Dalam pandangan Tylor, budaya primitif dianggap sebagai tahap yang lebih rendah atau inferior dalam
evolusi budaya. Ia menganggap bahwa budaya primitif mengandung "kepercayaan palsu" atau
"superstisi" yang harus ditinggalkan seiring dengan kemajuan budaya. Pandangannya mengarah pada
ide bahwa budaya maju dan kompleks, seperti budaya Barat, adalah tujuan yang lebih tinggi dalam
perkembangan budaya manusia.
Dalam konteks ini, pandangan Tylor tidak sepenuhnya mencerminkan pandangan relativisme budaya
yang dianut oleh beberapa ahli antropologi modern. Relativisme budaya menekankan pentingnya
menghargai keragaman budaya dan menolak penilaian budaya berdasarkan standar yang relatif atau
absolut. Pendekatan relativis mengakui bahwa tidak ada budaya yang secara intrinsik lebih baik atau
lebih rendah dari budaya lainnya.

Meskipun pandangan Tylor tidak sepenuhnya mencerminkan pandangan relativisme budaya yang dianut
oleh banyak antropolog modern, kontribusinya dalam memperkenalkan konsep budaya dan evolusi
budaya tetap penting dalam sejarah antropologi. Namun, pandangan Tylor juga telah dikritik karena
etnosentrisme dan kecenderungannya untuk menilai budaya primitif sebagai inferior.

Sumber

Geertz, C. (1973). The Interpretation of Cultures. Basic Books.
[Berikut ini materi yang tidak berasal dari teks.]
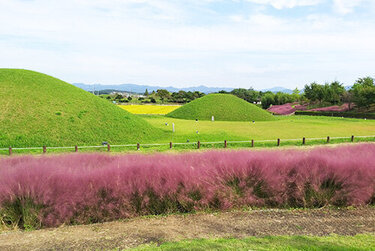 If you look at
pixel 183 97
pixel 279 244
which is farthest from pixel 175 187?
pixel 183 97

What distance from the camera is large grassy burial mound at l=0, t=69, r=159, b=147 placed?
1830cm

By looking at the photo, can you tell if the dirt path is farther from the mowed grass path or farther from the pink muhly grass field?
the mowed grass path

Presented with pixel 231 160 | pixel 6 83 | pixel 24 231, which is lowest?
pixel 24 231

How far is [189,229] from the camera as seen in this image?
18.5 ft

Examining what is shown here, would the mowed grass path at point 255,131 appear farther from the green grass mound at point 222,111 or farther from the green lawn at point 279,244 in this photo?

Kroeber, A. L. (1948). Anthropology: Culture Patterns & Processes. Harcourt Brace Jovanovich.

Herskovits, M. J. (1955). Cultural relativism: Perspectives in cultural pluralism. Social Forces, 33(4), 339-
347.

Clifford, J., & Marcus, G. E. (Eds.). (1986). Writing Culture: The Poetics and Politics of Ethnography.
University of California Press.

Abu-Lughod, L. (1991). Writing against culture. In R. Fox (Ed.), Recapturing Anthropology: Working in the
Present (pp. 137-162). School of American Research Press.